Federal district courts have the authority to adopt their own rules of professional conduct; almost all do so in their local rules, and most adopt the current rules of professional conduct of the jurisdiction in which they sit. Some also specially adopt particular, individual rules to replace particular rules in force in that jurisdiction. Thus, in many cases, the answer in a particular federal district court may well mirror the answers reached under that jurisdiction’s own applicable rules of professional conduct.

What About Transactional Lawyers?

But what about lawyers who do work outside of pending cases––whether preparing to file cases or doing transactional or counseling work?

Set aside nonlawyer ownership for a moment. ABA Model Rule of Professional Conduct 5.5(c) permits out-of-state lawyers to practice in the adopting jurisdiction on a temporary basis in a number of defined situations––with assistance from local counsel, in work preparing or connected to a case where the lawyer will be admitted pro hac vice, in connection with an ADR matter, or in many jurisdictions in matters reasonably related to the lawyer’s practice back home or for clients of that practice. Versions of that Model Rule are in place in most jurisdictions.

While these permitted areas of temporary practice vary a bit, I am not aware of any of these rules denying this permission to lawyers whose firms lawfully have nonlawyer ownership under their home jurisdiction’s rules or lawfully share fees with nonlawyers under those same rules.

But to my knowledge, there is also no ethics authority out there that specifically blesses the application of ABA Model Rule 5.5(c)’s temporary-practice provisions to lawyers with nonlawyer-owned firms.

Even without express opinions on this subject, we have to assume that this temporary-practice permission will apply equally to an Arizona, Washington, D.C. or Utah lawyer practicing with an ABS, just as it would to a lawyer with a traditionally organized law firm in a Model Rules Jurisdiction.

A Few Caveats

So, it would seem that lawyers practicing with a nonlawyer-owned law firm can probably be admitted pro hac vice in Model Rules Jurisdictions. Further, they can probably avail themselves of the temporary-practice permission afforded in so many jurisdictions under versions or ABA Model Rule 5.5(c).

Of course, perhaps jurisdictions hostile to nonlawyer ownership might try to restrict availability of these authorizations. None have yet, to my knowledge. (Wouldn't there be constitutional problems with such restrictions?)

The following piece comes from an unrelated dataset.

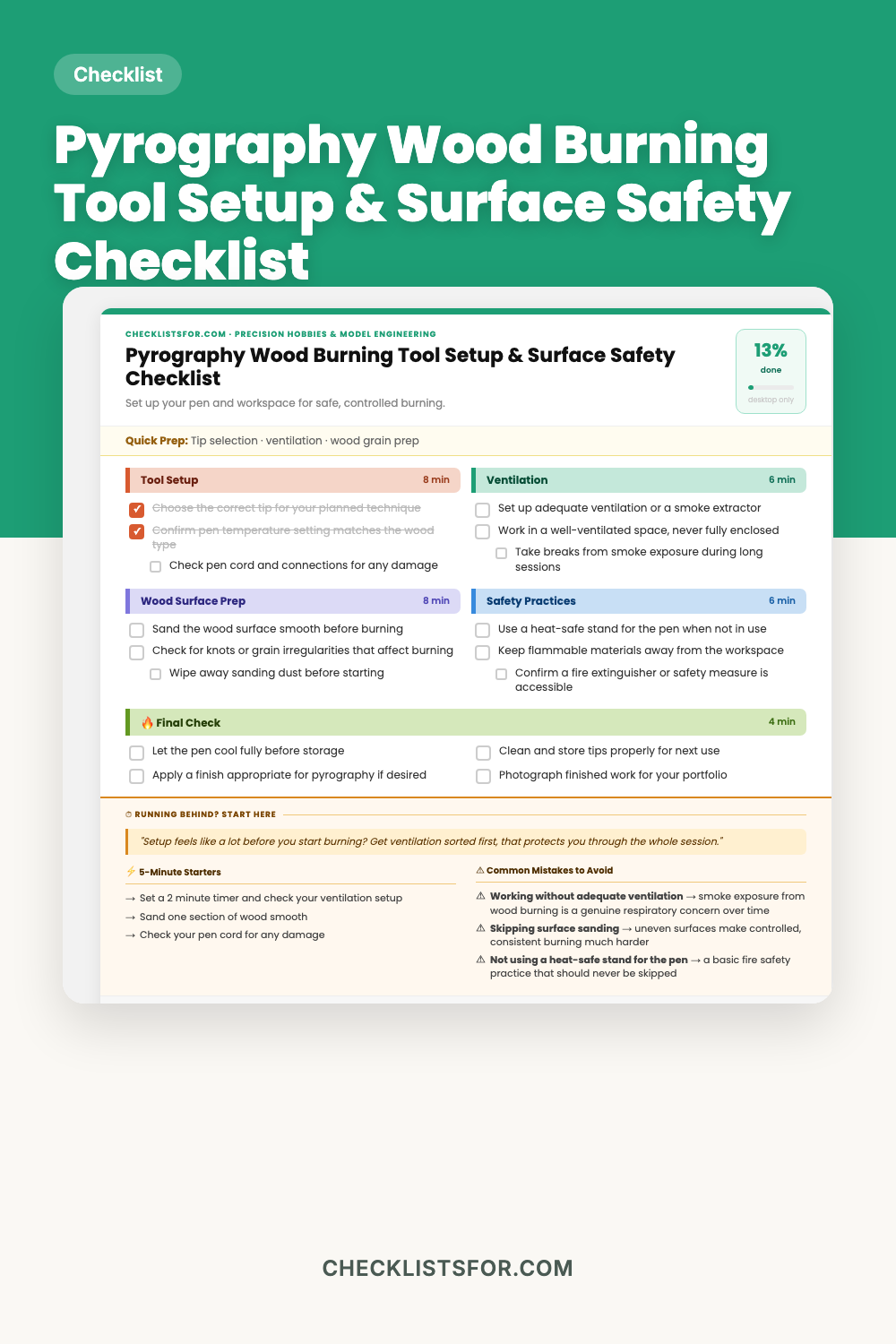 Pyrography Wood Burning Tool Setup & Surface Safety Checklist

Further, any lawyers practicing under these provisions would be well advised to be vigilant about their compliance with the rules of the Model Rules Jurisdiction in which they may be working temporarily.

Finally, some lawyers in this situation (and their firms) have decided to give up (or make inactive) their law licenses from jurisdictions other than the jurisdiction that permits nonlawyer ownership. They worry that, for example, if they practice with an Arizona ABS and have an Arizona and Tennessee license, any activity they undertake in Tennessee may lead Tennessee to believe its rules govern the organization of their law firm. There is very little authority on this, and no one knows how real this concern should be. Still, in a time of uncertainty, conservativism is comforting.

What’s Left of the Wall

While the old 1991 ABA opinion continues to hold sway, nonlawyer-owned law firms continue to be barred from opening offices in Model Rules Jurisdictions. And they continue to be barred from bringing into their firms and practices lawyers licensed and practicing in Model Rules Jurisdictions. But we’ve seen here two examples––practice under pro hac vice admission and under temporary practice authorized by versions of ABA Model Rule 5.5(c)––that seem to work as limits to or breaches in the wall.

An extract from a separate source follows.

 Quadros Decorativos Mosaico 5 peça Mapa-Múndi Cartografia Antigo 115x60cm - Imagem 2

Practicing in a Mixed Environment

I’ve come to believe that one of the dominant features of lawyer regulation for at least the next few years will be that we will all live and practice in a “mixed environment” ––a world where some jurisdictions allow nonlawyer ownership, fee-sharing and other variations from traditional rules, and many that do not.

That mixed environment will make our lives as lawyers a bit more interesting and might be a reason to keep your own friendly ethics lawyer on speed-dial.